Stakeholder Interactions to Support Service Creation in Cloud Computing
Lei Wang, Luís Ferreira Pires,
Andreas Wombacher, and Marten J. van Sinderen
Centre for Telematics and Information TechnologyUniversity of Twente Enschede, the Netherlands
e-mail: {wangl, l.ferreirapires, a.wombacher, m.j.vansinderen}@ewi.utwente.nl
Chihung Chi
School of Software Tsinghua University Beijing, China e-mail: chichihung@mail.tsinghua.edu.cnAbstract— Cloud computing is already a major trend in IT. Cloud
services are being offered at application (software), platform and infrastructure levels. This paper presents our initial modeling efforts towards service creation at the infrastructure level. The purpose of these modeling efforts is to understand and reason about the service creation process. The paper presents a conceptual model represented as a UML class diagram, and identifies the interactions between service providers and infrastructure providers that are necessary in order to set up an execution environment and deploy services on top of infrastructure services. Although the models are far from complete, we are confident that they already give us some insight in the service creation process.
Keywords-cloud computing; service creation; infrastructure services
I. INTRODUCTION
Cloud computing is already a major trend in IT [1] and is allowing computing to become the fifth utility, after water, electricity, gas and telephony [2, 3, 4]. According to the draft NIST definition [5], there are three service models in cloud computing, namely Software as a Service (SaaS), Platform as a Service (PaaS) and Infrastructure as a Service (IaaS). Cloud services are offered according to these models at different levels, namely at application (software), platform and infrastructure levels, respectively.
In this paper we claim that it is necessary to model the interactions between stakeholders in cloud computing in order to get insight in and reason about the service creation process. Our approach is to start with relatively simple models, and add aspects to these models in subsequent modeling steps. In this way we expect to be able to reason about issues like, for example, automated resource allocation, quality of service (QoS) monitoring and support, and resilience to failures. This paper reports on our initial modeling efforts.
The main distinctive features of cloud computing is that it allows rapid elasticity, making it straightforward for the service provider to dimension the resources necessary to support a service dynamically depending on the service demands.

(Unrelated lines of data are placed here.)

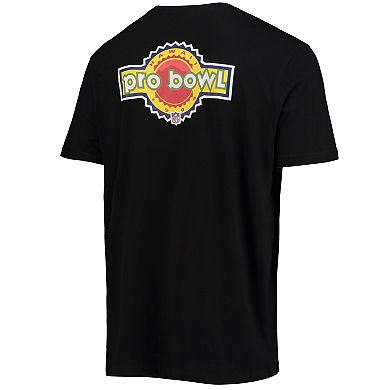 Men's New Era Black Atlanta Falcons 1994 Pro Bowl T-Shirt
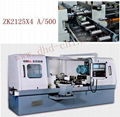  ZK2120X4A/500   Four-axis Gun drilling Machine Tool 1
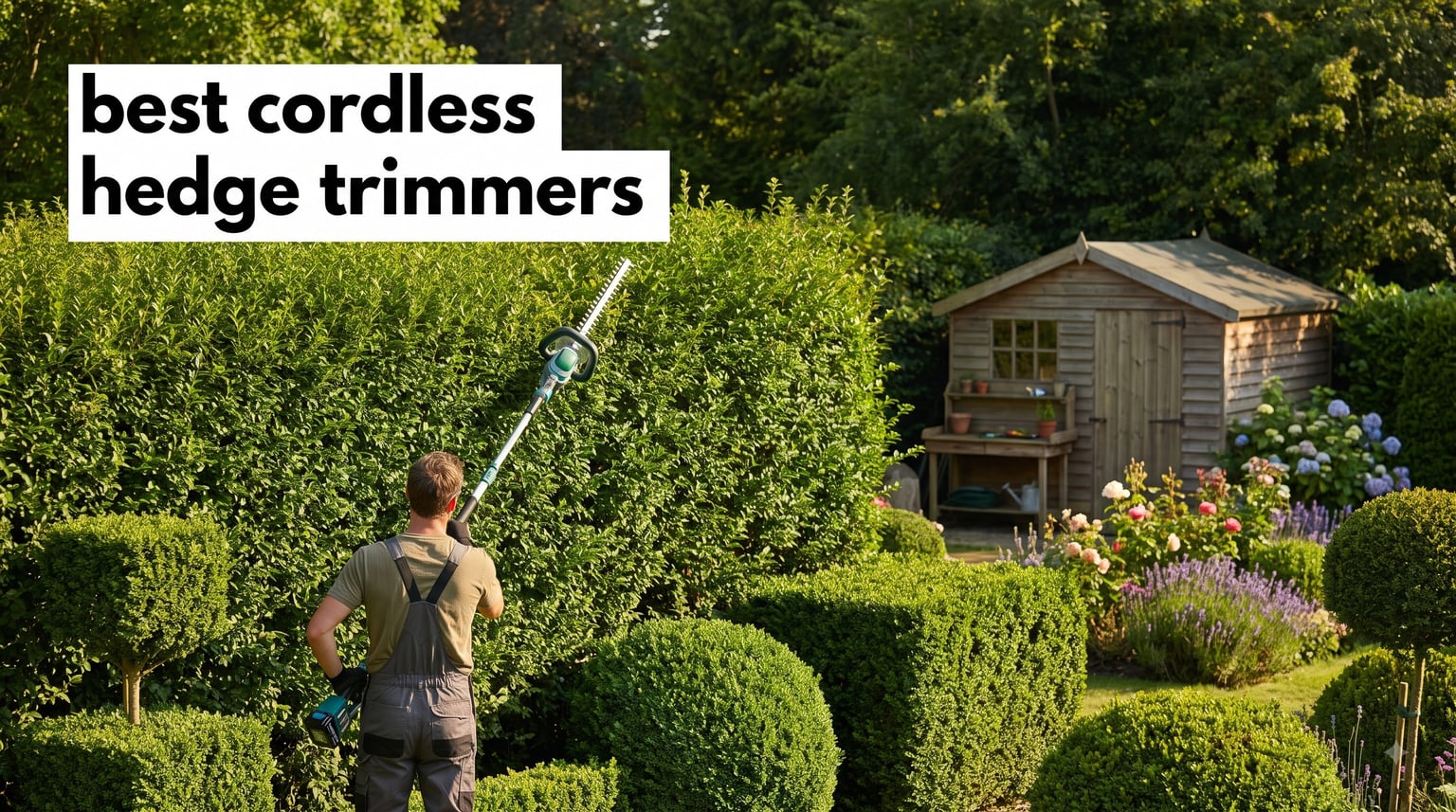 best cordless hedge trimmers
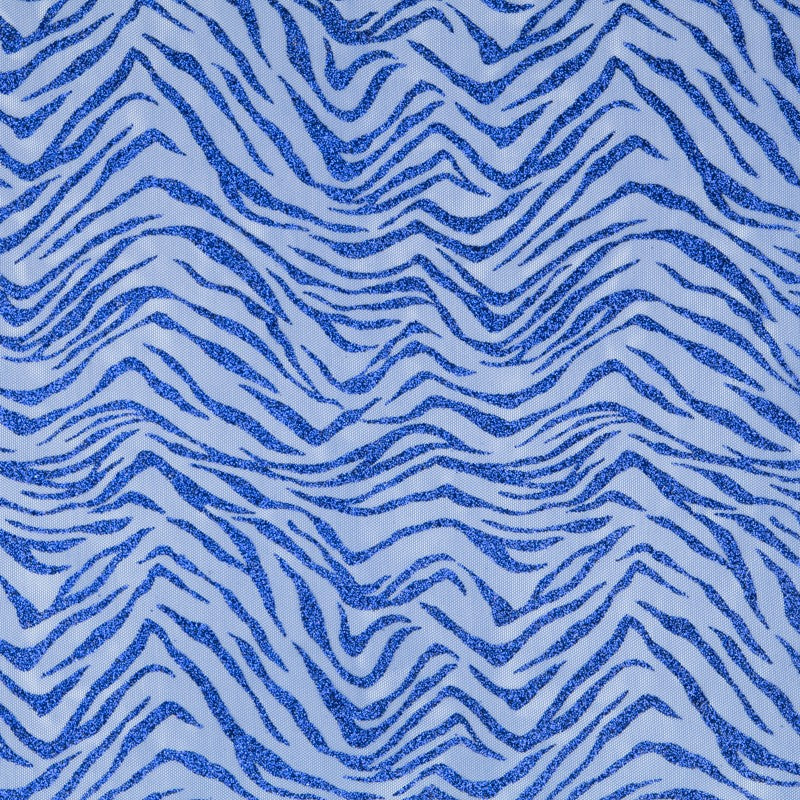 Tul Elástico Salvaje Azulón - Ribes y Casals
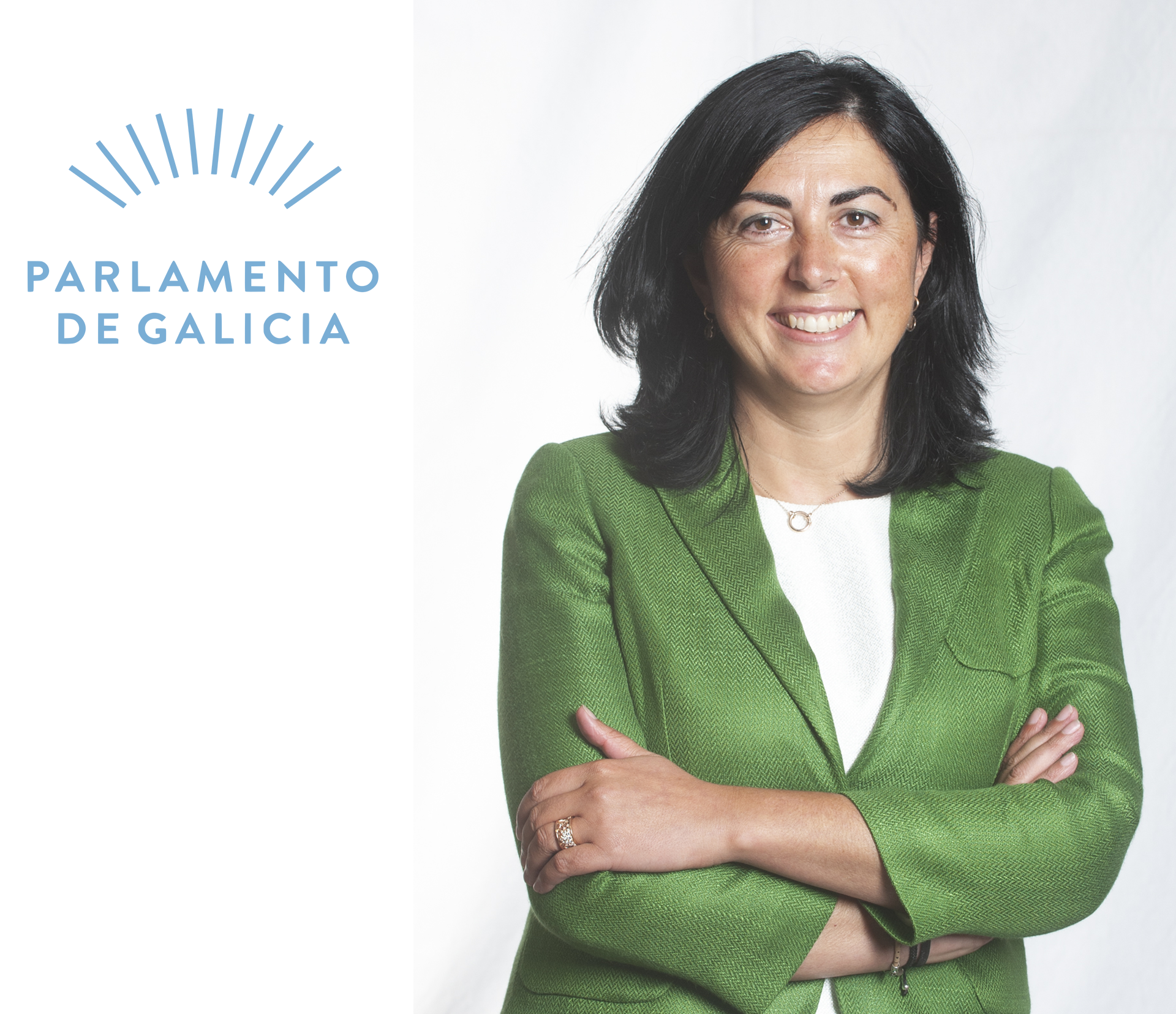 María Elena Candia López Deputada no Parlamento Galego por Lugo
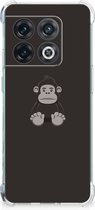 Smartphone hoesje OnePlus 10 Pro Hoesje Bumper met transparante rand Gorilla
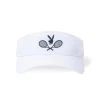 Sports Ripstop Visor -Playboy Clothing Playboy Sports Ripstop Visor White 01 2647c18a d5d3 4fb7 a1c9 1fd690a49077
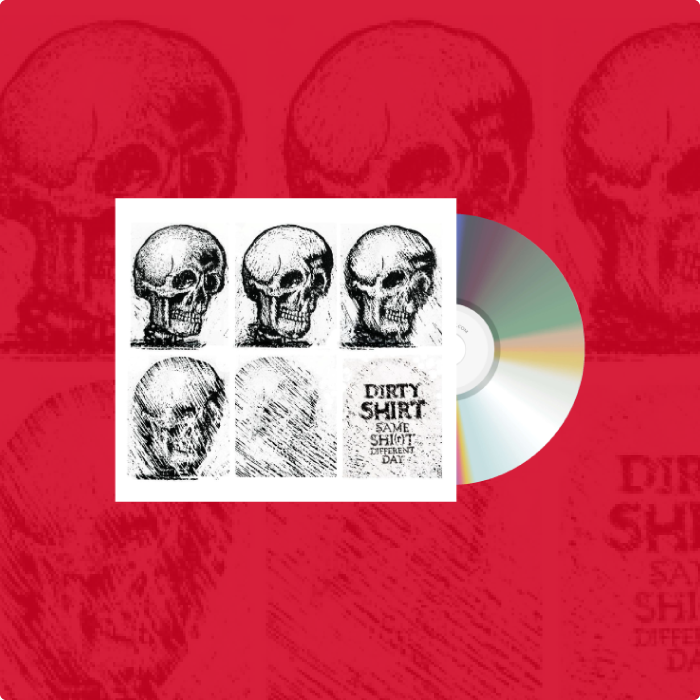 Same Shirt Different Day (2010) – CD - Digipack [1]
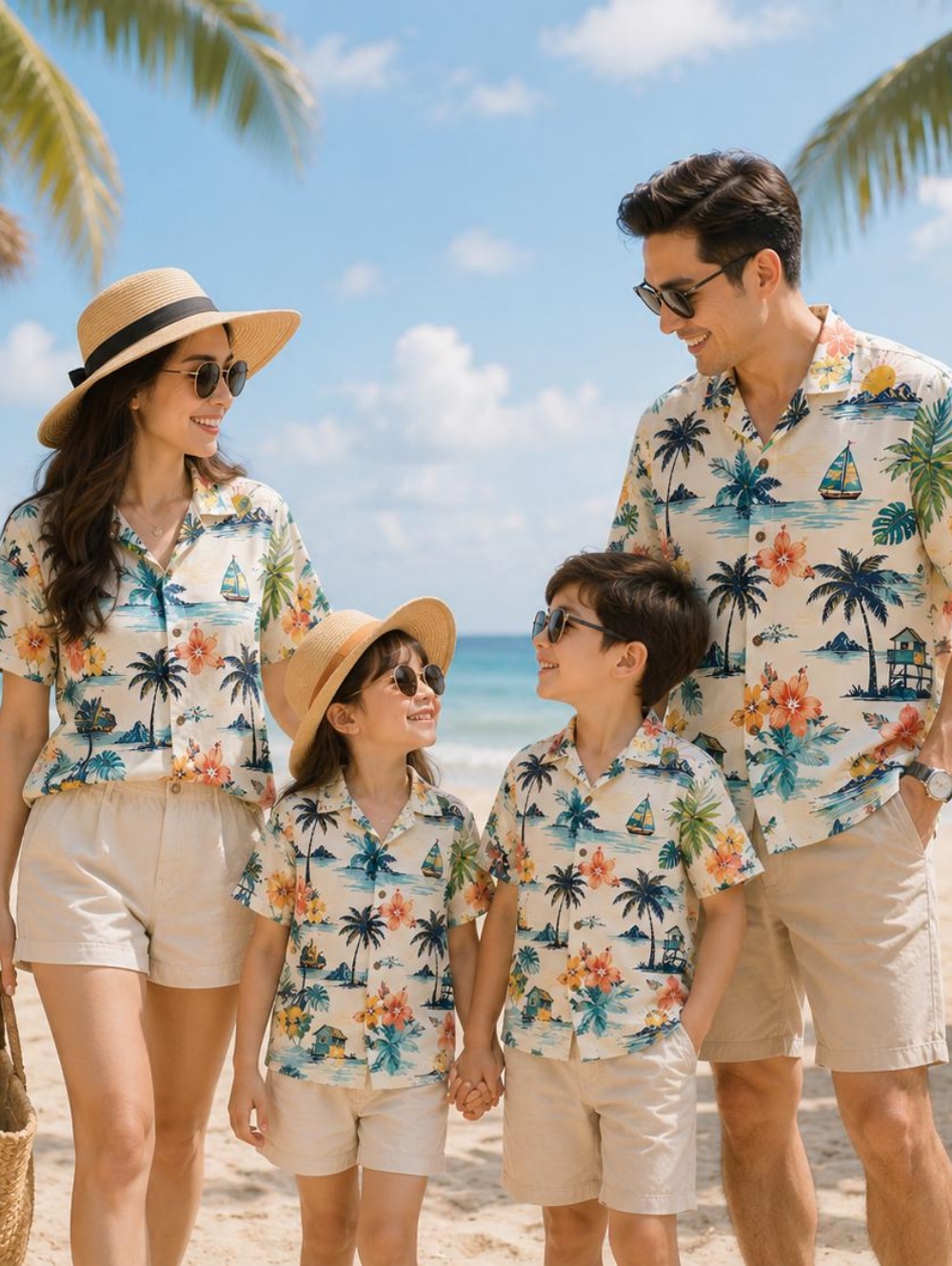 Plant Parent T Shirt - Kemeja Anak Hawaii Musim Panas dengan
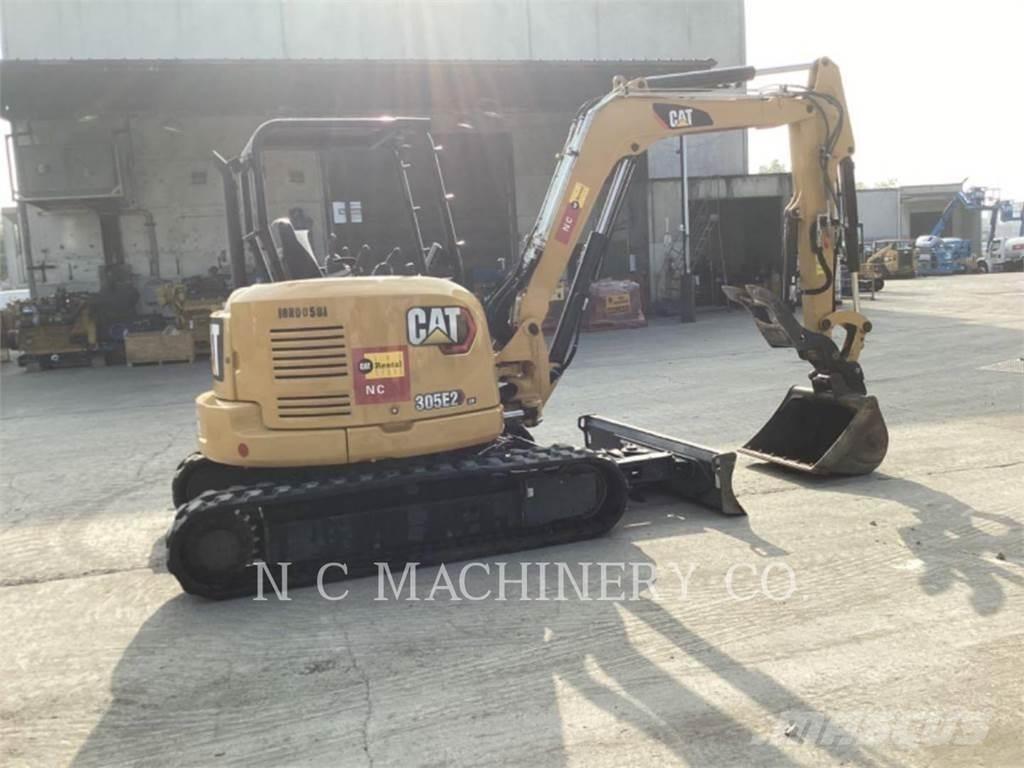 CAT 305E2 CRCN Escavadeiras de esteiras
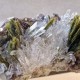 Épidote, Quartz et Axinite - Lima, Pérou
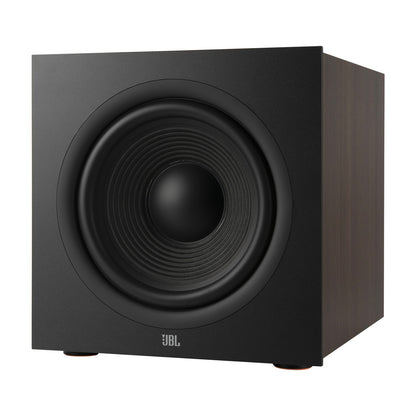 JBL - Stage 220P 12-Inch Powered Subwoofer - Espresso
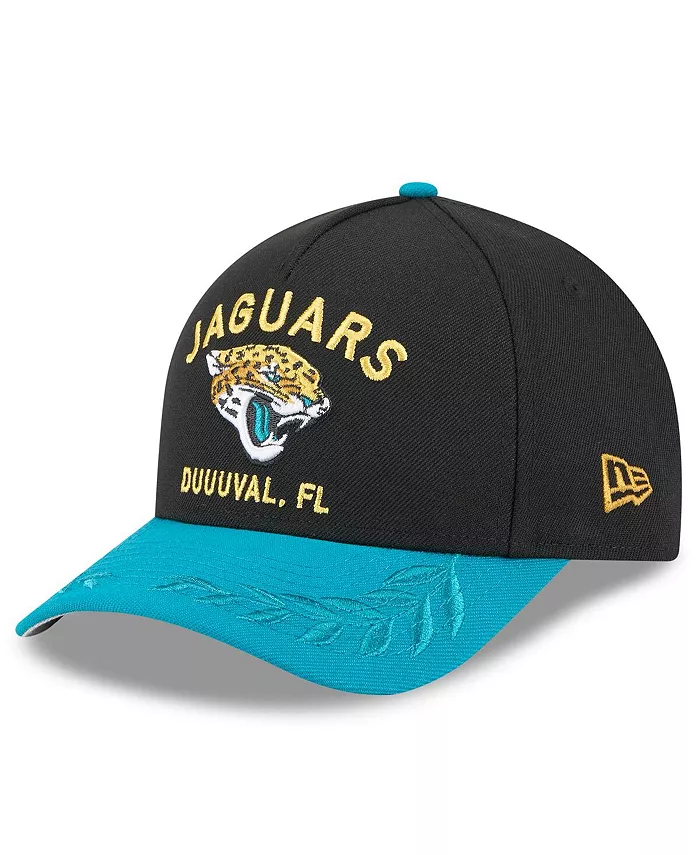 Кепка A-Frame M-Crown регулируемая, черно-бирюзовая, Jacksonville Jaguars, драфт НФЛ 2025 года, 9FORTY New Era
Кепка A-Frame M-Crown регулируемая, черно-бирюзовая, Jacksonville Jaguars, драфт НФЛ 2025 года, 9FORTY New Era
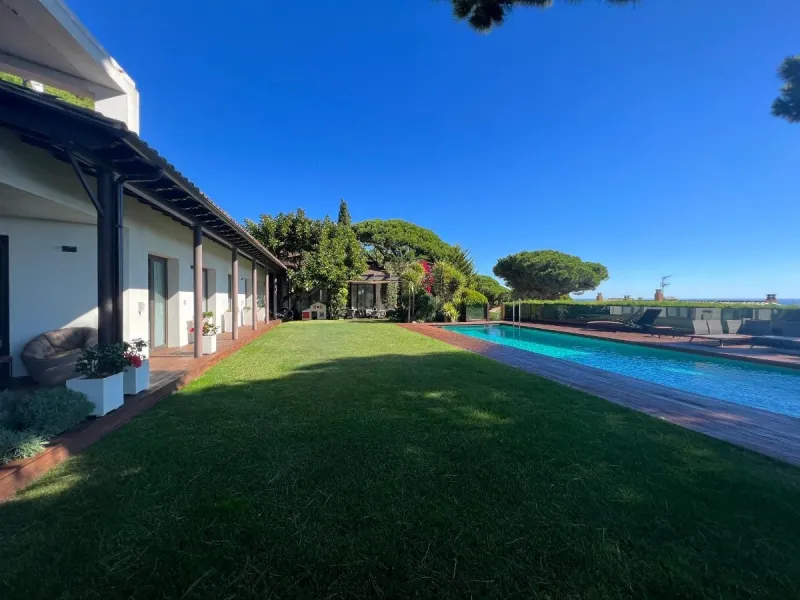 Contemporary Designer Villa with Sea Views in Calonge, Costa Brava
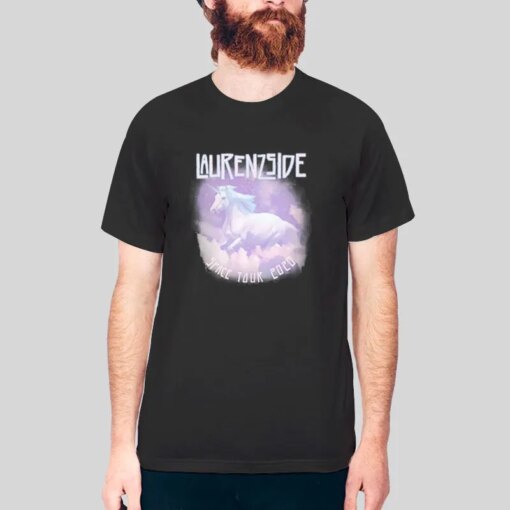 Inspired Lauren Z Side Merchandise Space Tour 2020 Shirt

In this paper, we focus on the infrastructure level and we propose an initial model for the interactions between service provider and infrastructure provider, strongly based on the interactions necessary to deploy services on Amazon
EC2 [6]. Examples of service providers are Alexa [7], which provides web information, and Salesforce, which provides services for developing business applications through their force.com platform [8].
This paper is further structured as follows. Section II presents a global architecture for services in the cloud. Section III identifies the concepts of the service creation process at the infrastructure level, and gives a conceptual model for services in the cloud based on these concepts. Section IV models the interactions between stakeholders. The resulting model helps understand and reason about service creation process. Section V briefly discusses some related work on modeling in cloud computing. Section VI gives our conclusions.
II. GLOBAL ARCHITECTURE
In order to define a global architecture, we generalize the currently available cloud computing services, especially those that offer hardware virtualization, like Amazon WS. Particularly Amazon S3 and EC2 are of interest for us.
Fig. 1 shows the global architecture we have assumed in this work. We structure this architecture in three layers. At the bottom layer we position the virtualized hardware elements provided by the infrastructure service provider. These elements offer computing capabilities (CPU and memory), and are instantiated with customized software (operating system, Database Management System and/or Application Server). Some infrastructure services, such as monitoring services, load balancing and security services, may also be offered at this layer.
The middle layer consists of the software packages that are developed by the service provider in order to implement services. The service provider creates, deploys and runs services, possibly by reusing services delivered by infrastructure provider. The services implemented by the service provider runs on the premises of the infrastructure provider. This layer delivers services to the end users.
Fig. 1 shows that three stakeholders have to interact in order to perform service provisioning, namely the end-user, service provider and infrastructure provider. In this paper we focus on the interactions between the service provider and infrastructure provider stakeholders, which are performed during the service creation process.
Figure 1. Global architecture for service creation in cloud computing. III. CONCEPTUAL MODEL
In order to define a conceptual model for services in cloud computing at the infrastructure level, we start by identifying the main concepts of the service creation process. The conceptual model is then defined as a UML class diagram with the OCL constraints that represent these main concepts and their relations. The model presented here is not yet complete, as in this paper we just want to illustrate our modeling approach and identify the fundamental concepts for modeling service creation in the cloud. Fig. 2 depicts our initial conceptual model.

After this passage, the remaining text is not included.